Possible Oversight by Foundation Results in Robert Smithson’s Spiral Jetty Being Handed Over to the State of Utah

If you are the foundation in charge of overseeing an iconic piece of art by a celebrated American artist, it’s always best to make sure you jot a note in your calendar to remind you to pay the annual $250 fee for the land it’s sitting on. According to the Salt Lake Tribune, that oversight has apparently occurred with Robert Smithson‘s “earthwork masterpiece,” Spiral Jetty. The paper reports that the New York-based Dia Foundation, which was tasked with overseeing the Utah installation by the artist’s estate, failed to pay the small annual fee for the 10 acres of submerged land it sits in. “Worse,” they report, “Dia had also failed to respond to the state’s automatically generated notice in February that its 20-year lease on the lake bed had run out.” Not having received a check or a response, Smithson’s installation went into the hands of the State of Utah last week.
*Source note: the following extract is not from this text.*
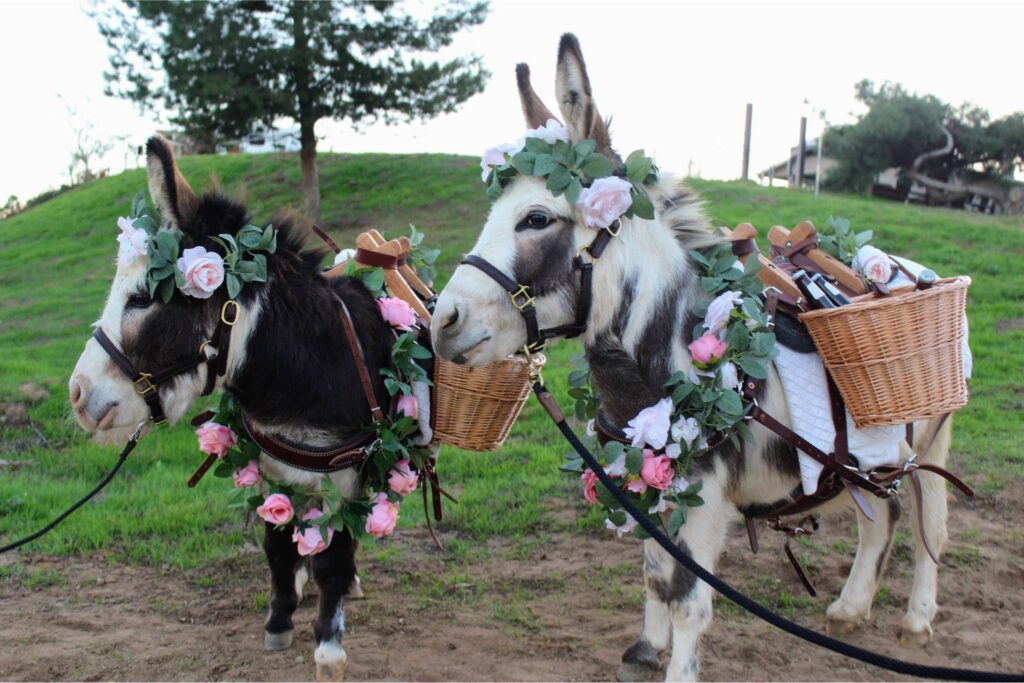 two beverage burros with rose garlands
For their part, the Dia Foundation released a statement on their site, with director Philippe Vergne saying that they were “stunned to read” the Tribune article, apparently that being the first they’d heard of any of this. The Foundation reportedly immediately got in touch with the state and are in negotiations to smooth out the issue. “We are in close contact with the State of Utah to resolve the matter,” Vergne writes in his statement. “Maintaining Spiral Jetty in perpetuity is central to Dia’s mission and purpose, and to the history of American art.”